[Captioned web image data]
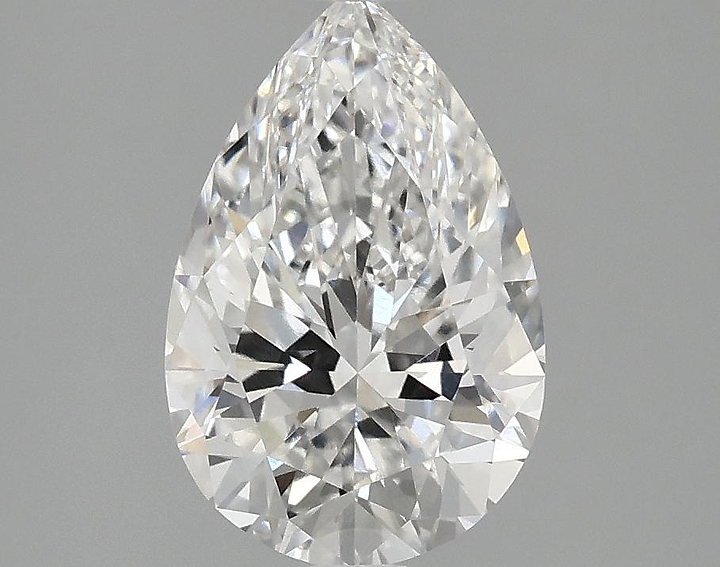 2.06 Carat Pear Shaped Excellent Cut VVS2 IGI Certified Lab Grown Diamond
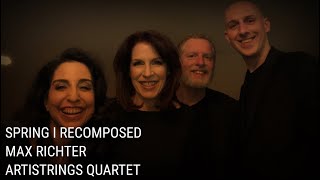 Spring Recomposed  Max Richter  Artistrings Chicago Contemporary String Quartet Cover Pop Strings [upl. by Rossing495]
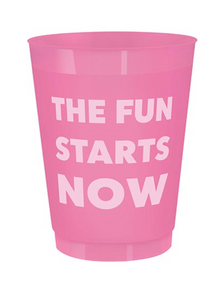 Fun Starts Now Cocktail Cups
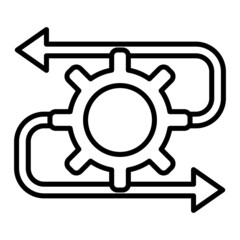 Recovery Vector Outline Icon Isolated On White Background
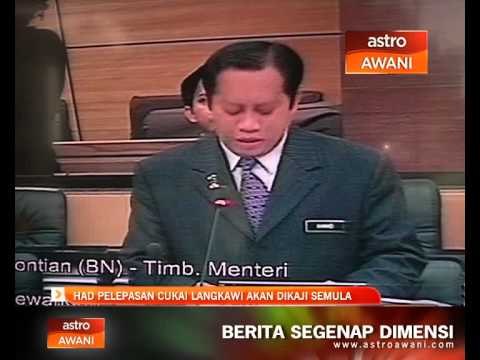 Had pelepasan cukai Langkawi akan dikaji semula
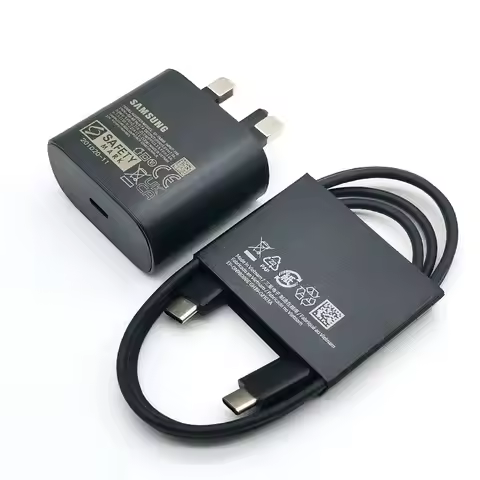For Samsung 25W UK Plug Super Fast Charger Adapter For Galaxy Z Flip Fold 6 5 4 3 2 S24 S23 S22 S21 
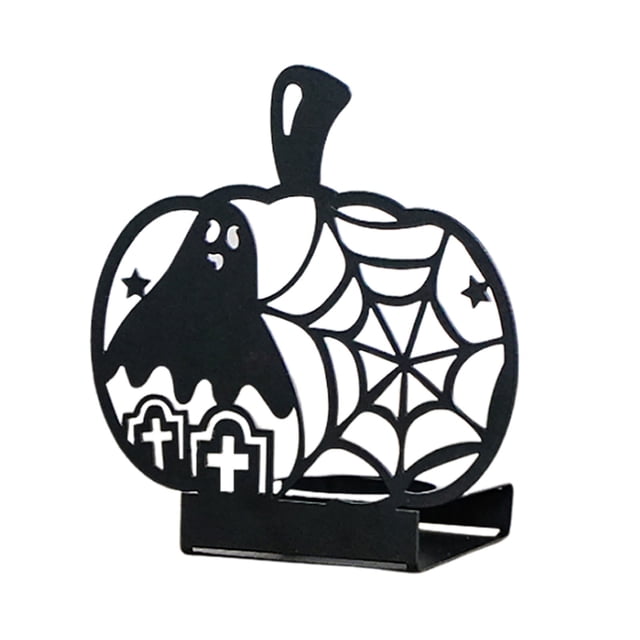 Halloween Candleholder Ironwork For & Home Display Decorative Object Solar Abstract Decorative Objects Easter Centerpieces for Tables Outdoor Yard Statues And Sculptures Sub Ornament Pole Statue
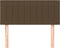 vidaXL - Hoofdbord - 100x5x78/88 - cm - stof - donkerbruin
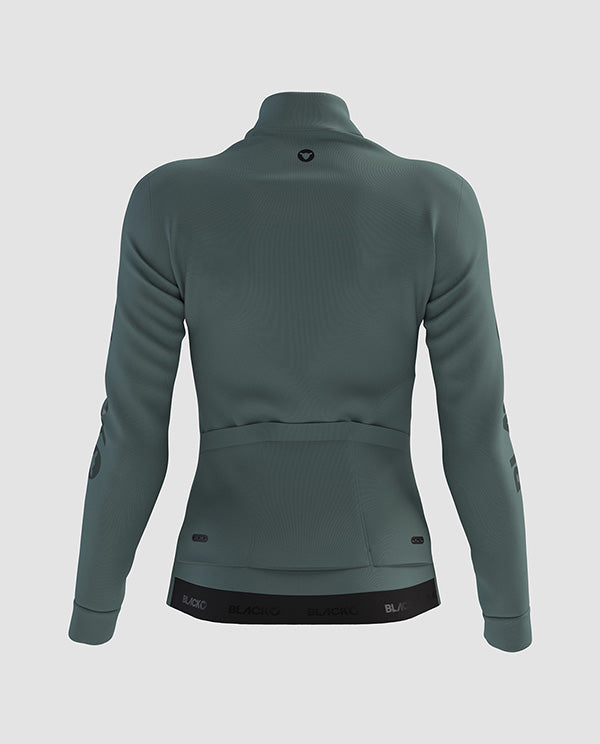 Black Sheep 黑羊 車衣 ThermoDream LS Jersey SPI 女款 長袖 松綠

Task instructions
Quote exactly, and only, the lines from the line containing "Recovery Vector Outline" through the final line of the records above, both included, omitting any pictures.

Output for this exercise
 Recovery Vector Outline Icon Isolated On White Background
 Had pelepasan cukai Langkawi akan dikaji semula
For Samsung 25W UK Plug Super Fast Charger Adapter For Galaxy Z Flip Fold 6 5 4 3 2 S24 S23 S22 S21 
 Halloween Candleholder Ironwork For & Home Display Decorative Object Solar Abstract Decorative Objects Easter Centerpieces for Tables Outdoor Yard Statues And Sculptures Sub Ornament Pole Statue
 vidaXL - Hoofdbord - 100x5x78/88 - cm - stof - donkerbruin
 Black Sheep 黑羊 車衣 ThermoDream LS Jersey SPI 女款 長袖 松綠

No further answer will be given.